Ionica announced on October 29, 1998 that it had
appointed administrators for its operating subsidiary due to
its inability to obtain further investment necessary to
continue trading and expand its service. Ionica plans to
distribute net assets after closing the operating subsidiary.
The Ionica Board has been advised that this is a complex
process that may take a considerable time to complete. The
remaining book value at December 31, 1998 ((POUND)3 million)
represents management's estimate of net realizable value.
6. DISCONTINUED OPERATIONS - GENERATION BUSINESS
In November 1998, Yorkshire completed the sale of its 75%
interest in RPG to IVO. IVO is a subsidiary of Imatran Voima
Oy, part of Finland's energy group Forum. RPG owns Brigg
Power Station, a 272-megawatt combined cycle, gas fired plant
located in North Lincolnshire, England. The net book value
of the assets sold was (POUND)14 million. The cash consideration
received from IVO, including payment for the intercompany
balance and net of cash retained by RPG, was (POUND)42 million. In
addition, certain contracts between Yorkshire and RPG were
renegotiated enabling Yorkshire Group to reduce its balance
sheet provision for uneconomic gas and electricity contracts.
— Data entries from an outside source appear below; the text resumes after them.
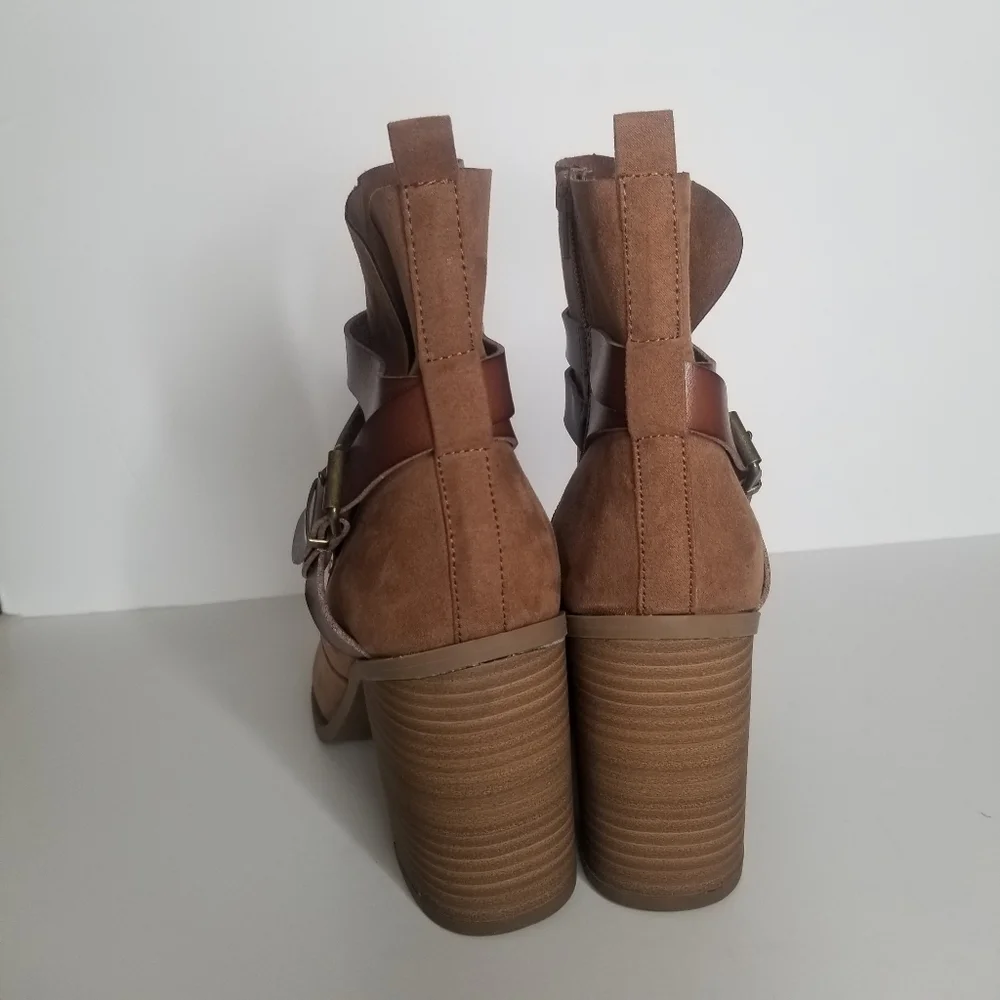Madden Girl harness straps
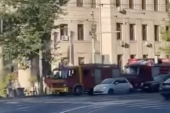 Požar na Pravnom fakultetu u Beogradu! Studenti evakuisani, vatrogasci opkolili zgradu (FOTO/VIDEO)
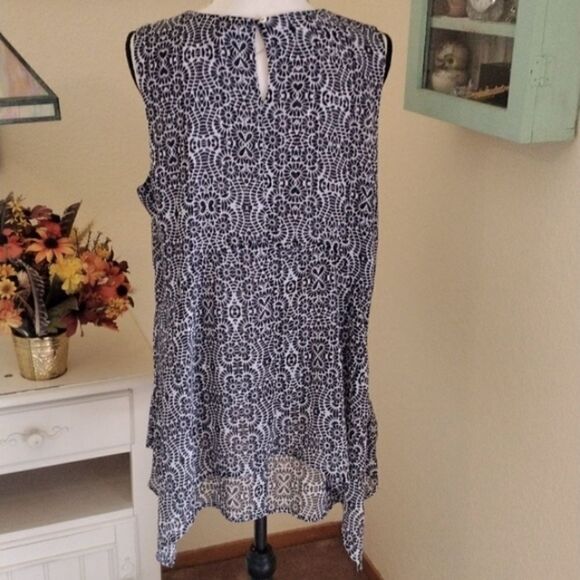 Fever Layered Top  - Picture 5 of 10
The sale resulted in an increase in Net Income in the three
month and nine month periods ended December 31, 1998 of (POUND)18
million.
YORKSHIRE POWER GROUP LIMITED AND SUBSIDIARIES
NOTES TO CONSOLIDATED FINANCIAL STATEMENTS
DECEMBER 31, 1998
(UNAUDITED)
On December 31, 1998 Yorkshire entered into an
unconditional agreement to sell its subsidiary, YCL, to
PowerGen CHP Limited, a subsidiary of PowerGen plc. YCL owns
three combined heat and power plants and seven peaking
facilities with a total declared capacity of 70 MW which are
operational, a 50 MW combined cycle gas plant currently under
test operation, a 56 MW combined heat and power plant under
construction and a 56 MW combined heat and power plant under
development. Yorkshire will purchase portions of the output
of these facilities for up to 20 years. The net book value
of the assets sold was (POUND)3 million. The consideration for the
sale, including the payment for the intercompany balance of
(POUND)67 million, was a (POUND)95 million note receivable due January 5,
1999. The total gain on the sale is (POUND)15 million, of which (POUND)8
million after tax was included in Net Income in the period
ended December 31, 1998. The remaining (POUND)7 million is deferred
and will be amortized over the life of contracts existing
between Yorkshire and YCL.
The remaining generating assets of Yorkshire, windpower
plants held within a 50:50 joint venture company, Yorkshire
Windpower Limited, were sold in February 1999 for a loss of
(POUND)1 million. At December 31, 1998 these assets were
considered impaired and the loss was reflected in that
period.
These transactions complete the disposal of Yorkshire's
generation business.
MANAGEMENT'S DISCUSSION AND ANALYSIS OF RESULTS OF OPERATIONS
AND FINANCIAL CONDITION
Third Quarter Fiscal Year 1999 vs. Third Quarter Fiscal Year
1998
And
Year to Date Fiscal Year 1999 vs. Year to Date Fiscal Year
1998
Results of Operations
Net income from continuing operations before
extraordinary item and discontinued operations for the year
to date period increased by (POUND)10 million (26%) from (POUND)39
million to (POUND)49 million due primarily to the following: the
settlement of earlier years tax liabilities resulting in a
(POUND)12 million reduction in estimated tax liabilities and
increases in electricity and gas supply margins. These items
were partly offset by increased interest expense, an increase
in selling, general and administrative costs and a write down
in the investment in Ionica.
Income statement line items which changed significantly
were:
Increase ( Decrease)
Third Quarter Year to Date
(POUND) % (POUND) %
(in millions) (in millions)
Operating Revenues 30 9 96 11
Gross Margin 40 46 68 25
Maintenance 8 133 5 13
Selling, General and
Administrative 23 164 30 48
Loss on Investment in Ionica - - 11 N/A
Interest Expense 4 14 14 16
(Credit) Provision for
Income Taxes - - (8) (200)
Extraordinary item -
UK Windfall Tax - - (134) (100)
The increase in operating revenues is largely due to the
signing of new electricity contracts with Non-Franchise
Supply Customers in April 1998 and the commencement of
residential gas sales in Fiscal Year 1999.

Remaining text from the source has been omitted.